Por lo menos en dos ocasiones Jerónimo y El Mojao amenazaron a los dirigentes campesinos de manera directa. Una de ellas ocurrió el 15 de julio de 1989 cuando Miguel Barajas y Saúl Castañeda se aprestaban a abordar un bus en Cimitarra. Otra fue el 10 de septiembre, cuando se cruzaron en la carretera El Mojao y Josué Vargas. El Mojao detuvo su vehículo, descendió y le dijo: “Ustedes no llegan a las elecciones”. Las elecciones eran en marzo de 1990 y Miguel Barajas se había lanzado como candidato al Concejo, encabezando un movimiento liberal. Este esfuerzo ayudó a indisponer a los paramilitares que controlaban el municipio, aunque el movimiento de Barajas no amenazaba a ninguna fuerza política. Simplemente rompía el monopolio político local. Sylvia Duzán era una de las pocas cartas efectivas que le quedaban a los de la ATCC para jugar. La candidatura que ya se había presentado para que la ATCC recibiera el Nobel Alternativo de la Paz, era una coyuntura adecuada para que el documental que adelantaba Duzán tuviera más repercusión en Europa y llamara la atención sobre la ATCC, disuadiendo a los potenciales agresores.

El día F

Las amenazas contra Vargas, Barajas y Castañeda, así como el temor que se respiraba en Cimitarra, presagiaban la tragedia. Los dirigentes lo sabían y empezaron a tomar precauciones mayores. En especial, se veía muy nervioso al secretario de la ATCC, Carlos Atuesta, quien se había vinculado al grupo en los últimos meses de 1989. Residía en la población y no tenía vínculos con la actividad campesina, pero ante la necesidad de contar con un apoyo logístico en la secretaría, para archivar, hacer las cartas, y las relaciones públicas en general, Atuesta fue bienvenido al grupo y pasó a
jugar un papel clave en la organización.

Atuesta, los días antes al 26 de febrero, dormía en diferentes casas y no cesaba de advertirle a sus compañeros sobre los peligros que se les cernían. Se le veía nervioso, prevenido, asustado. Saúl Castañeda también exteriorizó sus temores, a su manera. Eludía los encuentros con las autoridades militares y de Policía, trataba de calmar a Josué Vargas y a Barajas, los más aguerridos defensores de sus posiciones y quienes hasta el último momento confrontaron a los paramilitares de frente, tratando de que se moderaran en sus manifestaciones verbales y queriendo demostrar con su valentía su inocencia frente a quienes se amparaban en la ley de las armas. El jueves anterior, 22 de febrero, el presidente de la Asociación Campesina de Agricultores y Ganaderos del Magdalena Medio (ACDEGAM), Iván Roberto Duque, había dado unas declaraciones a Caracol, en las que acusó de nuevo a la ATCC de ser un frente civil organizado por el “bandolero Braulio Herrera” que presionaba a los campesinos para que votaran por los candidatos de la UP.
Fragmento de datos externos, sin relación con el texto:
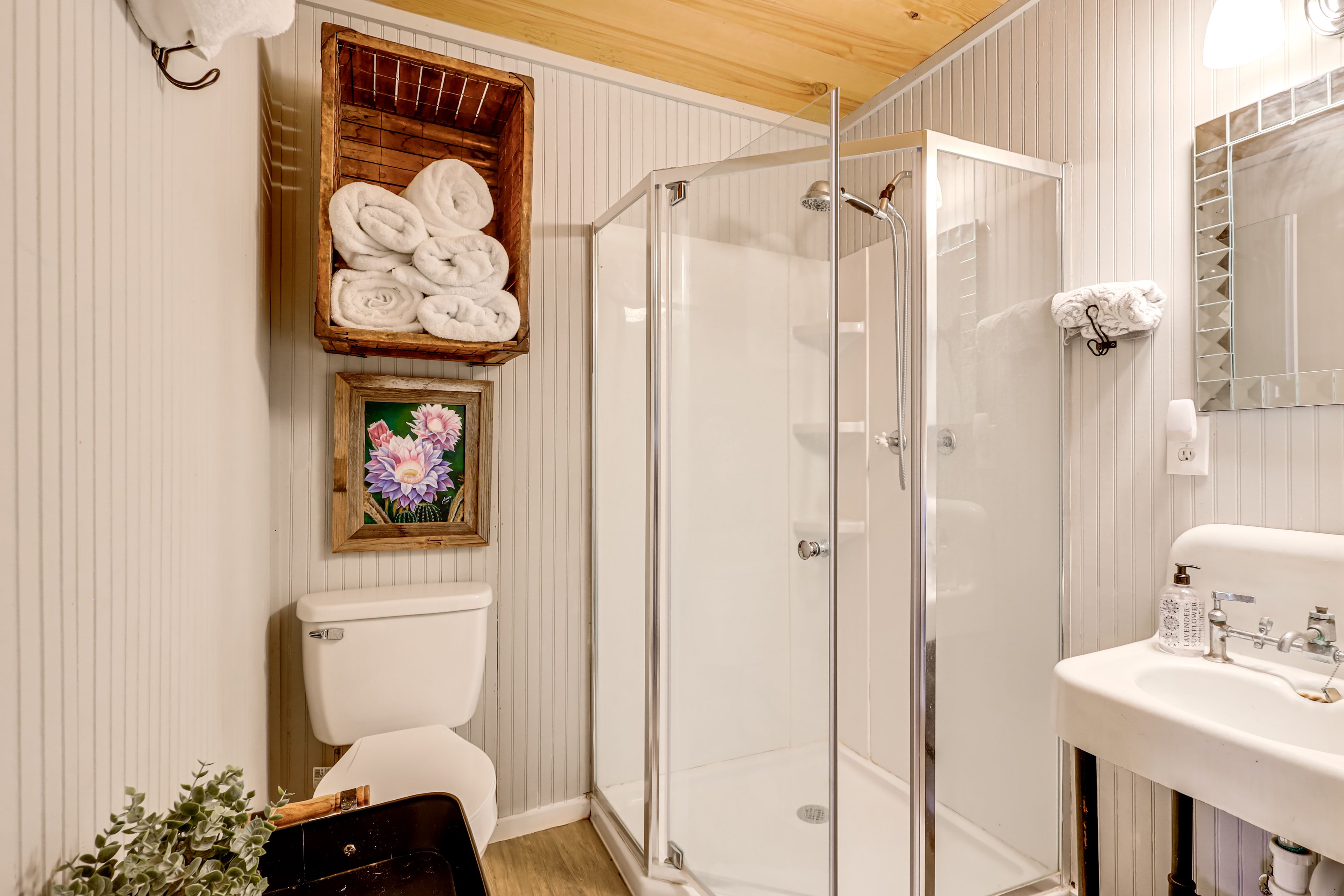 Full Bathroom | Towels Provided | 1 Interior Step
Duque era tenido como el jefe político de las autodefensas o, por lo menos, el inspirador de su accionar.

Vargas, Barajas y Castañeda habían decidido salir del casco urbano hacia La India, tan pronto Sylvia Duzán llegara al municipio en la mañana del lunes 26. Para ese día, la periodista había contactado una entrevista con los tres dirigentes de la Asociación, para el documental que adelantaba. Sólo ellos tres, más Atuesta y Duzán, sabían de su llegada. Al menos eso creían.
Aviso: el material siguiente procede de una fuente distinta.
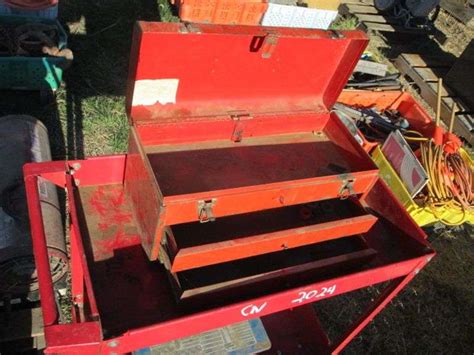 Red Tool Box And Cart W Misc Tools Heaverlo Northwest Auctions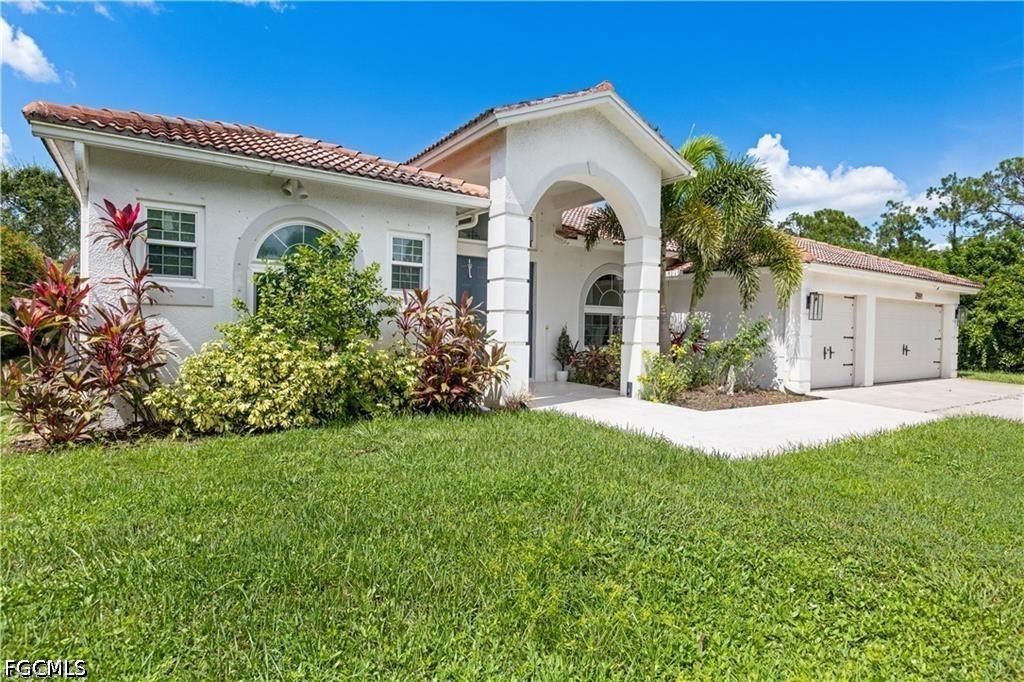 3 Bed Pool Home for Sale in Naples, photo 2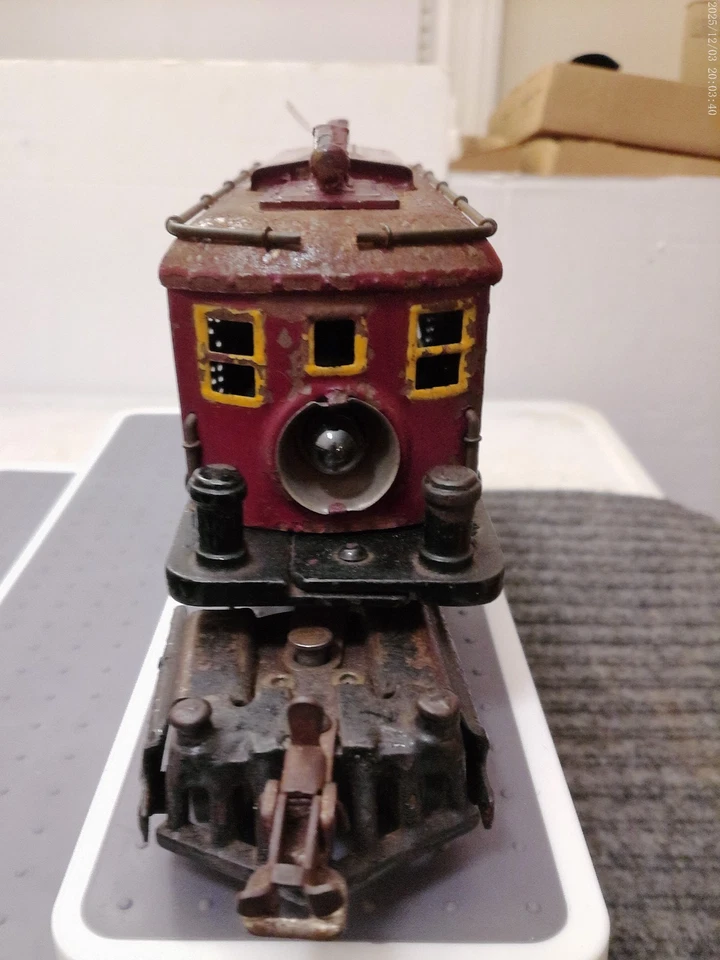 AMERICAN FLYER PREWAR O GAUGE 3020 ELECTRIC MAROON LOCOMOTIVE RUNS GOOD - Image 2 of 4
Hacia el mediodía del 26 de febrero de 1990, por diversas vías, le llegó a los directivos de la ATCC una noticia que ya había recorrido el pueblo. Alejandro Ardila, reconocido cerebro de las operaciones paramilitares del área, había llegado. Lo acompañaba El Mojao. Todos los que ya lo sabían estaban o bien asustados o bien adivinando por quiénes venía. Y las sospechas y los rumores recaían sobre Vargas, Barajas y Castañeda. Pero no podían irse sin Duzán, ya que ella iba a Cimitarra sólo para verlos y entrevistarlos. Decidieron esperarla y en seguida emprender el viaje, resignándose un poco a correr el riesgo. Ya para el almuerzo se sabía que además habían llegado al pueblo dos sicarios, uno conocido ampliamente en Puerto Berrio y en la misma Cimitarra, donde había realizado trabajos anteriores.

La noche del 25, Sylvia Duzán no se sentía bien. Lejana pero consciente de todas las implicaciones de su viaje a Cimitarra y del posible desenlace del conflicto, se preparaba. Aunque intuía los riesgos e inclusive escribió en su diario que los tres dirigentes de la ATCC “eran hombres muertos”, estaba dispuesta a cumplir su cita. Vagamente quiso posponer el viaje la víspera. Se lo dijo a Salomón Kalmanovitz, su esposo.

En la mañana, sin embargo, decidió salir rumbo al aeropuerto para tomar el pequeño avión que la debía conducir a su destino. Los camarógrafos no irían con ella, ya que por otros compromisos adquiridos por las productoras no podían viajar ese día, aunque Duzán consideraba ese viaje en particular trascendental para el documental. Las productoras no accedieron a enviarle a los camarógrafos, para bien de éstos. Duzán les dejó a las productoras en la noche del viernes 23 una nota a mano en la que les decía que “el problema de no viajar a Cimitarra y avisar ahora es grave. Yo mandé desplazar 4 tipos desde La India para que me esperen el lunes. Es malo. Si no me dan el permiso de viajar, de todas maneras me toca viajar”. Un trancón de tránsito dificultó su llegada y perdió el avión.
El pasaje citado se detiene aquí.